Un bacio e una pistola

(Kiss Me Deadly)

Regia di Robert Aldrich

con Ralph Meeker (Mike Hammer), Maxine Cooper (Velda), Paul Stewart (Carl Evello), Wesley Addy (sergente Pat Murphy), Gaby Rodgers (Gabrielle), Albert Dekker (dottor G.E. Soberin), Fortunio Bonanova (Carmen Trivago), Cloris Leachman (Christina Bailey), Jack Lambert (Sugar Smallhouse), Jack Elam (Charlie Mac), Nick Dennis (Nick), Juano Hernandez (Eddie Yeager), Marian Carr (Friday), Percy Helton (Doc Kennedy).

PAESE: USA 1955
GENERE: Noir
DURATA: 106′

Quando una bionda misteriosa cui aveva dato un passaggio nel deserto viene torturata e uccisa, l’investigatore privato Mike Hammer inizia ad indagare sulla vicenda. Scoprirà un traffico di uranio orchestrato da un perfido scienziato che vuole vendere i segreti della bomba atomica a una potenza straniera…

Dal romanzo omonimo (1952, in italiano Bacio mortale) di Mickey Spillane, adattato da A.I. Bezzerides, un noir notturno, crudo e nichilista che rilegge gli stereotipi del genere svuotandoli della loro stessa essenza.
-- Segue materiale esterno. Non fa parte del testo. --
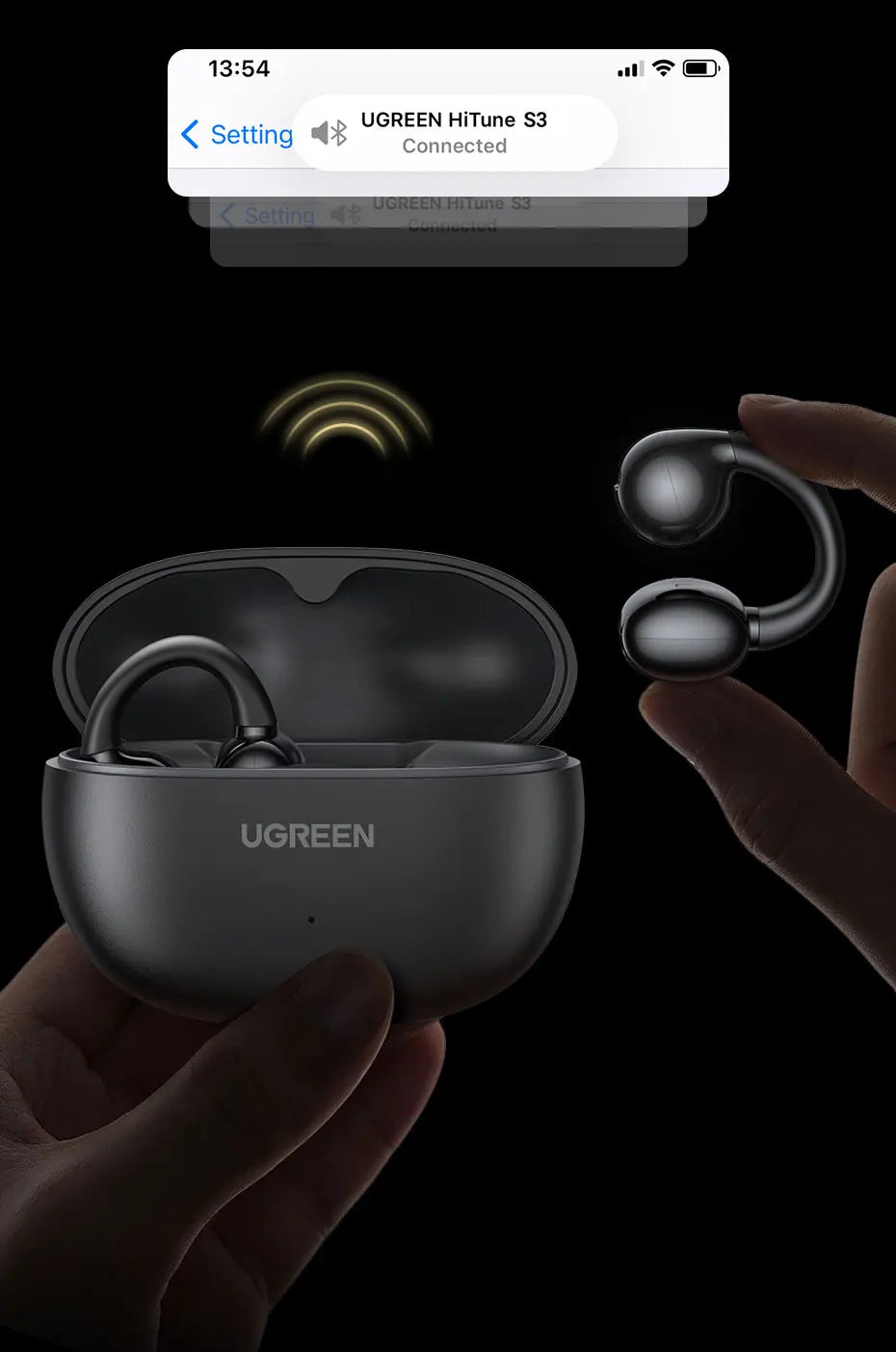 wireless bluetooth earbuds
E così, a differenza dei noir con Bogart (e dunque degli epigoni firmati Chandler e Hammett), il protagonista non è un investigatore dalla robusta fibra morale, giusto e fascinoso, bensì un uomo misogino, arrogante, sadico nel fare male ai nemici e sempre opportunista con gli amici (e le donne): insomma, non un personaggio duro e puro alle prese con un mondo marcio quanto un personaggio marcio costretto ad avere a che fare con un mondo ancora più marcio di lui, rispetto al quale, alla fine, sembra quasi (il quasi è comunque d’obbligo) pulito. La sceneggiatura di Bezzerides mantiene il discorso di Spillane su un’umanità mostruosa e corrotta, ma modificando il MacGuffin dell’intreccio (una valigetta piena di uranio per la bomba atomica) ne stempera lo spirito reazionario e imbastisce una riuscita parabola sulla paura nucleare e su quanto lo studio dell’atomica sia in fondo il vaso di Pandora dei suoi (ma ahimè anche dei nostri) tempi.
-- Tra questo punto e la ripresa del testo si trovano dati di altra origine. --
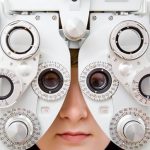 Glaucoma evolui com o aumento da pressão ocular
Con stile asciutto ma non privo di raffinate trovate visive (l’intro notturno, la scena dell’appostamento coi pop-corn, il ritrovamento della valigetta), Aldrich tiene la macchina da presa ad altezza di protagonista (addirittura, quando Hammer è sdraiato, vediamo soltanto i piedi di chi c’è con lui) e concepisce un finale apocalittico e potentissimo che ancora oggi lascia il segno: a bruciare è “solo” un cottage in riva al mare, ma l’impressione è che stia bruciando il mondo intero. Di questo anomalo, imperdibile “post-noir” furono girati due finali, uno con la morte dei protagonisti e l’altro con la loro sopravvivenza: paradossalmente, lascia più malessere il secondo. La tendenza aldrichiana al grandguignol, marchio di fabbrica dei film a venire, si scorge nel sottofinale con la ragazza in fiamme. Grande importanza (anche semantica) agli apparecchi tecnologici e meccanici, dalle automobili alla segreteria telefonica (una delle prime mai viste al cinema) che prende i messaggi di Hammer. Grande fotografia nottambula di Ernest Laszlo, funzionali musiche di Frank De Vol. Da vedere.